NRCS conservation professionals will provide technical assistance to help farmers with approved applications determine which conservation actions will provide the best results to improve water quality on their land. Nutrient management, erosion control, conservation tillage, and buffer systems are just some of the practices being offered as part of the NWQI. To help install these conservation practices, NRCS will provide financial assistance payments to approved applicants through the Environmental Quality Incentives Program (EQIP).
NRCS worked closely with partners to select the priority watersheds. State agencies, key partners, and technical experts chose the following three watersheds where on-farm conservation investments have the best chance to improve water quality.
* Brandywine Creek-Broken Sword Creek Watershed (Crawford County)
* Fivemile Creek-East Fork Little Miami River Watershed (Clermont and Brown Counties)

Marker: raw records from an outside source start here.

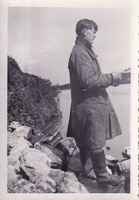 Reading quietly by the riverbank on a chilly day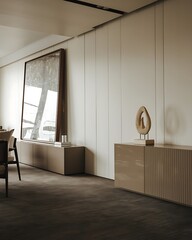 Minimalist home interior design of modern living room. Stylish cabinet near white wall with stone decorative sculpture and big art work in frame.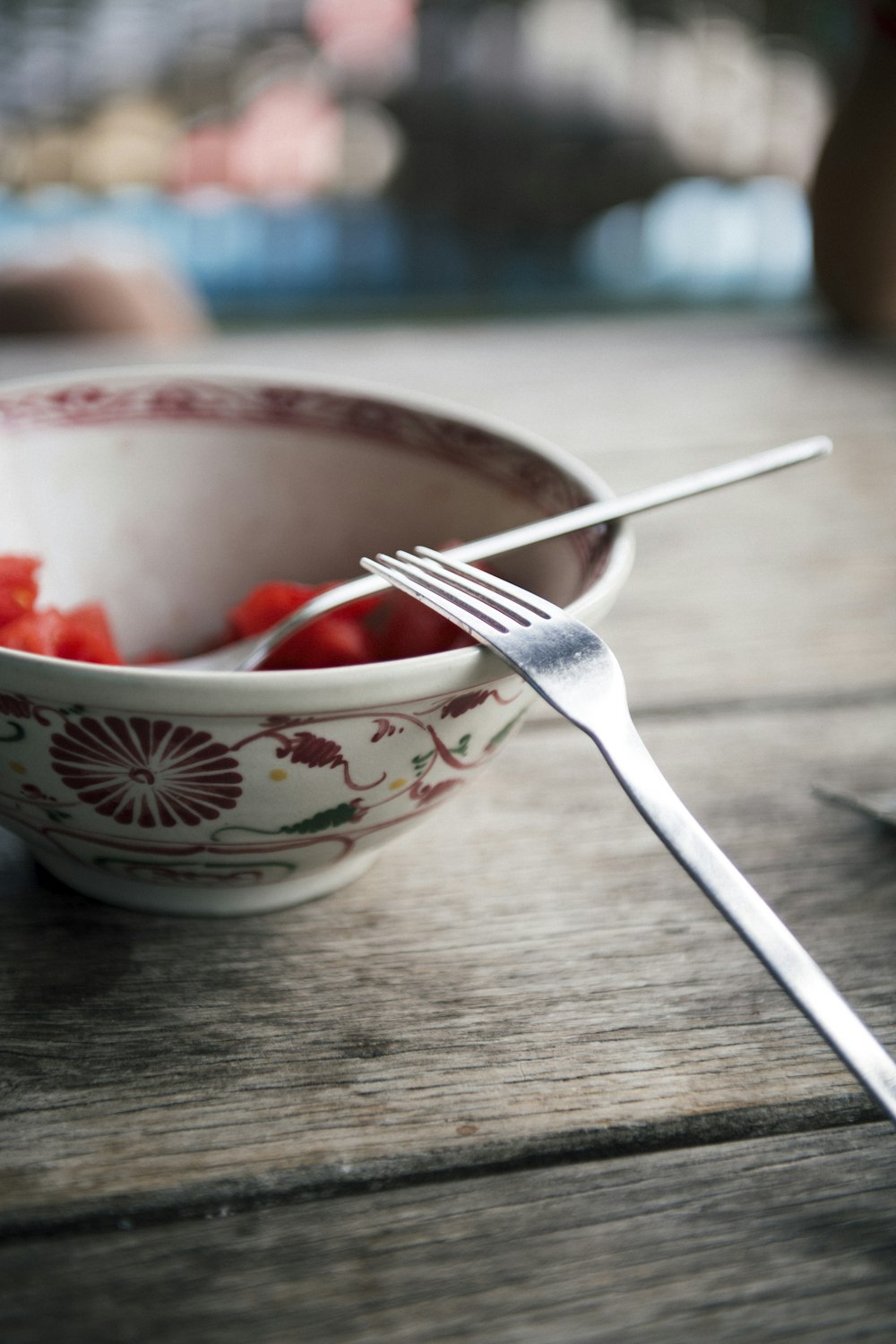 white and red ceramic bowl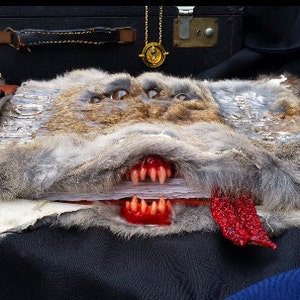 May include: A book with a furry, gray and brown cover with a toothy, red mouth and a red tongue sticking out. The book has a brown leather strap with a buckle.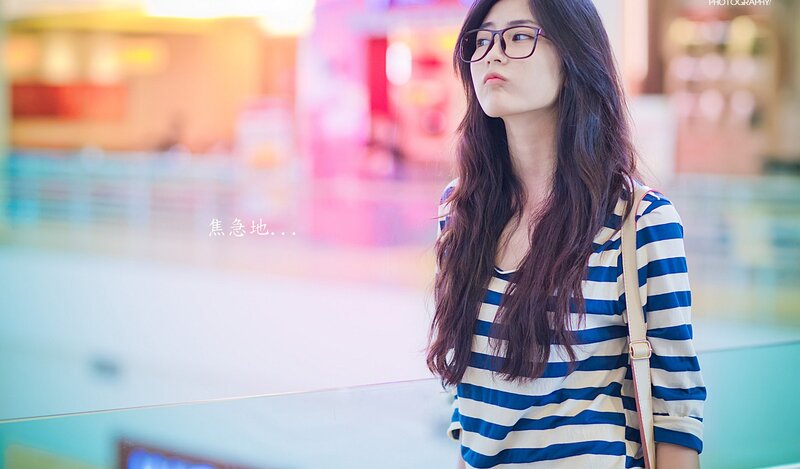 woman in striped shirt waiting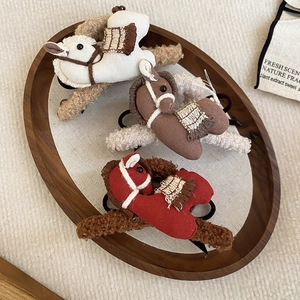 Macro view of plush horse hair clips in creamy white, brown and red on a wooden tray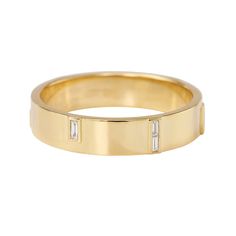 a yellow gold band with three baguets on the side and two diamonds in the middle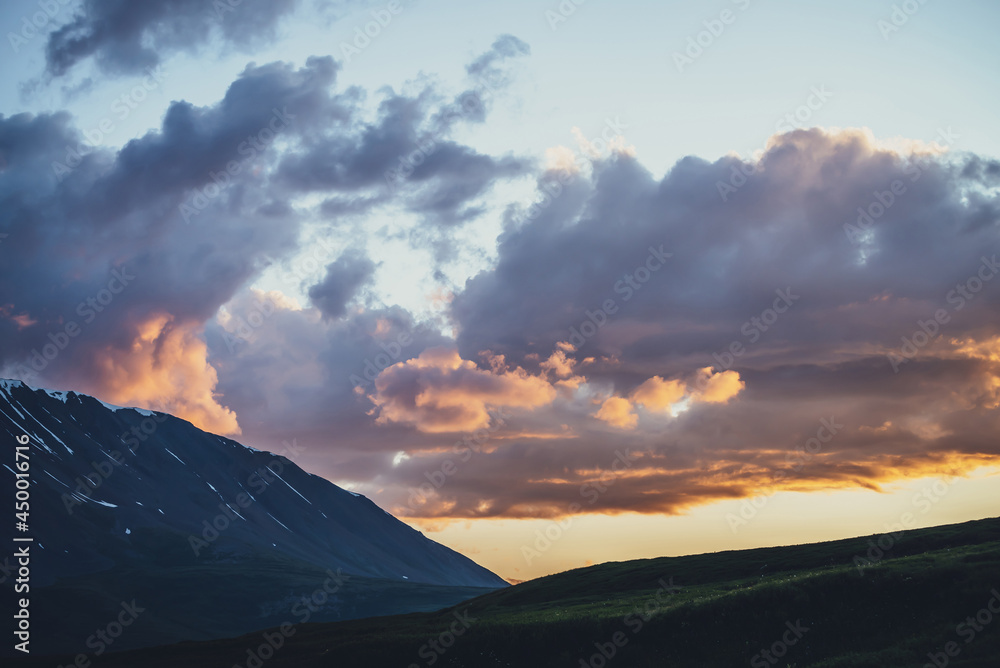 Atmospheric mountain scenery with lilac dawn sky. Scenic landscape with illuminating sunset in mountains. Beautiful sunrise in mountains in pastel tones. Illuminating color in dawn cloudy sky.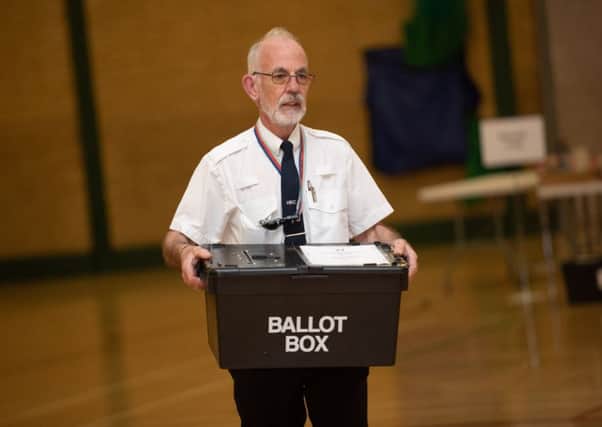 A ballot box being delivered to the counters at Havant Leisure Centre
Picture: Vernon Nash (180503 - ELECTION HAVANT - 008) PPP-180305-231142006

* East Branch South Fork Sugar Creek Watershed (Tuscarawas and Holmes Counties)
NRCS is piloting a new Water Quality Index for Agricultural Runoff which will provide science-based information to help landowners determine the effectiveness of alternative conservation systems at achieving water quality improvement. Water quality monitoring by State water quality agencies and other partners both in-stream and at the watershed-level will provide data for the Index and will track water quality improvements in some of the project watersheds.
NRCS accepts applications for financial assistance on a continuous basis throughout the year. For the NWQI, NRCS will select applications submitted by March 18, 2016.
Applications submitted by entities, such as farmers applying as a corporation, must register with the Central Contractor Registration (CCR), a process that can take up to 3 weeks. Information about CCR requirements, including obtaining a Data Universal Number System (DUNS) number, is posted on the NRCS website at www.nrcs.usda.gov/programs/farmbill.